Class: Wurk::Fetcher::Reaper

Inherits:
Object
  • Object
show all
Includes:
Component
Defined in:
lib/wurk/fetcher/reaper.rb

Overview

Orphan reclamation for the reliable fetcher (Pro super_fetch §3.2).

The Reliable fetcher moves each job from a public queue into a per-process private list (queue:<public>|<host>|<pid>|<idx>) and leaves it there until the Processor ACKs.
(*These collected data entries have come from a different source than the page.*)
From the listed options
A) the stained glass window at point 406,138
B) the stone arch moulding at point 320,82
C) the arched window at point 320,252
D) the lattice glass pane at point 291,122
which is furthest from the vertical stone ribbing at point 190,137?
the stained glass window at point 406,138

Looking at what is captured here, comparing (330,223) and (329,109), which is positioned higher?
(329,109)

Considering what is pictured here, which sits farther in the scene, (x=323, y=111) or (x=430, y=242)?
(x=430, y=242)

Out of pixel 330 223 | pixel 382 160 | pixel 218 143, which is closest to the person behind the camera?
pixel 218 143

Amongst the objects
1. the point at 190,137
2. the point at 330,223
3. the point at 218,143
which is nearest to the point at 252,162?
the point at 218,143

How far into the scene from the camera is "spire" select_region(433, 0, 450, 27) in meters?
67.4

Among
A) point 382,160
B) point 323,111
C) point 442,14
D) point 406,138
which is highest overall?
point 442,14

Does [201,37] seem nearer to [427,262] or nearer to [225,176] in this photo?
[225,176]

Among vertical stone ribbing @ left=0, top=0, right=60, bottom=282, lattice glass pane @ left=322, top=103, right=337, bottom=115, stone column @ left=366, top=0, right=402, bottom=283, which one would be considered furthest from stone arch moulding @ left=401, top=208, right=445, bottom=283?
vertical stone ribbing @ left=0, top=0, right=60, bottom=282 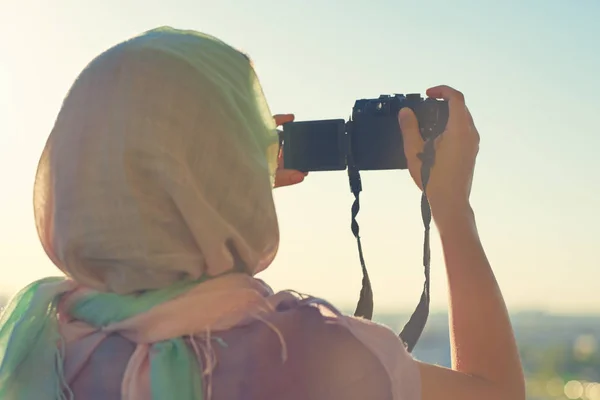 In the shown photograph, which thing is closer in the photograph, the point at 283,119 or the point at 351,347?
the point at 351,347

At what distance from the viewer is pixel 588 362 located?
24.4 m

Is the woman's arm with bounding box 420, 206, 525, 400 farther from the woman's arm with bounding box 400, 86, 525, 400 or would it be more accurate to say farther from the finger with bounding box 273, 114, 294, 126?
the finger with bounding box 273, 114, 294, 126

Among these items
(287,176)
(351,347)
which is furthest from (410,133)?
(351,347)

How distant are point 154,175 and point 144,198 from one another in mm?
22

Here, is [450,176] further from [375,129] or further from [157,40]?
[157,40]

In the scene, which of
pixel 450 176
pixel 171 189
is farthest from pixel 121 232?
pixel 450 176

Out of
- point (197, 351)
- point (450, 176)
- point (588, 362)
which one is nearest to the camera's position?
point (197, 351)

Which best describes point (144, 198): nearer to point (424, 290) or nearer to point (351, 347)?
point (351, 347)

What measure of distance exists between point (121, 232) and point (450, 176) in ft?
1.12

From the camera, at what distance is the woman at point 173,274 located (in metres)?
0.76

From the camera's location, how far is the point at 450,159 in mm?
915

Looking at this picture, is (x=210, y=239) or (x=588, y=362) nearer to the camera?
(x=210, y=239)

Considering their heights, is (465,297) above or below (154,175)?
below

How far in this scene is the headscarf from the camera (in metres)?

A SIGKILLed or crashed worker therefore strands its in-flight jobs in private lists that nobody will ever ACK. The Reaper is the recovery half: it periodically scans for private lists whose owning process is gone and atomically moves their jobs back to the public queue so a live worker re-runs them.

Liveness is decided per owner:

* same host — the OS is authoritative: `Process.kill(0, pid)`. This
is instant and ignores a stale `processes` SET entry whose 60s TTL
hasn't lapsed yet, so a `kill -9`ed sibling is reclaimed the moment
the supervisor reaps it rather than 60s later. (Pid reuse by an
unrelated local process is the one blind spot — the supervisor
respawns with a fresh pid, so it does not arise in practice.)
* other host — we cannot ping the pid, so we trust the heartbeat:
the owner is alive iff some live `processes` member (one whose
`info` hash still exists) shares its `host:pid`. Cross-host reclaim
therefore waits out the 60s heartbeat TTL, exactly as the spec says.

Re-pushed jobs run through Wurk::Middleware::PoisonPill, which caps a job at RECOVERY_THRESHOLD recoveries within 72h: past the cap the job is killed into the dead set instead of re-queued, so a job that crashes its worker every time can't loop forever.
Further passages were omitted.